Species of gastropod

Talopena masoni is a species of sea snail, a marine gastropod mollusk in the family Trochidae, the top snails.

==Description==
The length of the shell attains 11 mm, its diameter 16 mm.

(Original description) The shell in form resembles Monilea callifera Lamarck, 1822 but is more depressed. The six whorls are closely and sharply spirally keeled, with alternate keels larger, and the surface is very closely and obliquely decussated both on the ridges and in the interstices, whereas in M. callifera the decussation affects only the ridges. The shell is flesh-coloured or white, the upper surface being radiately striped at wide intervals with reddish brown, these stripes being partly continued onto the base and the whole shell being irregularly and closely mottled with brown.
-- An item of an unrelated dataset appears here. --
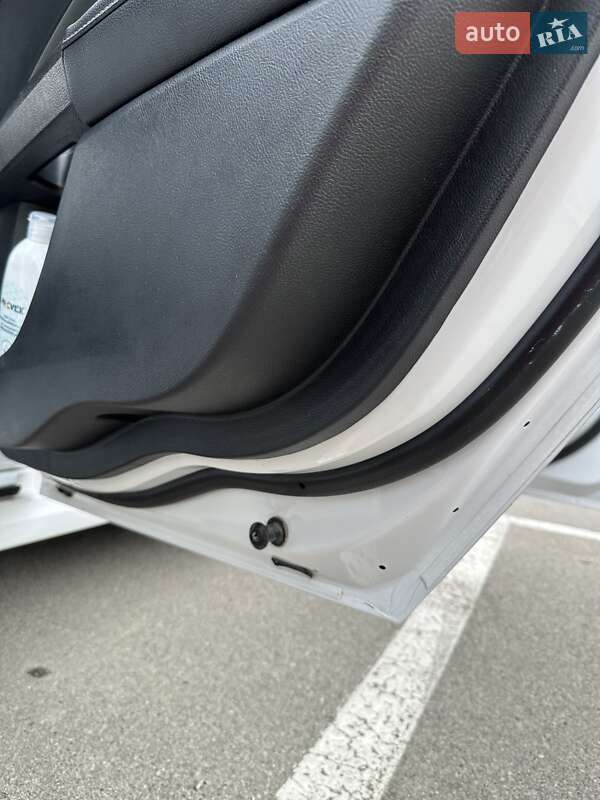 Седан Ford Fusion 2019 в Киеве фото 12 Седан Ford Fusion 2019 в Киеве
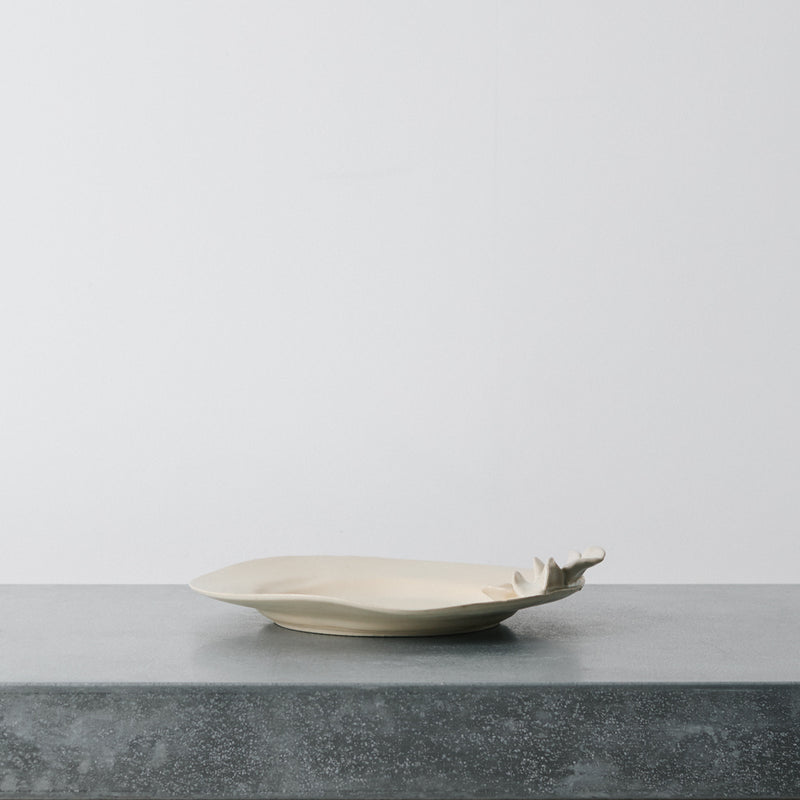 Assiette grande fleur - Blanc Satin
The base is closely ribbed, the ribs being scabrously decussated. A broad, raised callosity encircles the open umbilicus, this callous rib being very closely and regularly convexly striated. The columellar margin is very thick and callous and is much contorted. The interior of the aperture is only faintly striated, and the nacre is very thick and highly lustrous.

The shell of T. masoni is less elevated (H/D <0.70) than Talopena maestratii.It has very unequal spiral cords (of two or three orders) on the spire whorls and has a distinct narrow groove at the outer edge of the peri-umbilical band.

==Distribution==
This marine species occurs off the Andaman Islands.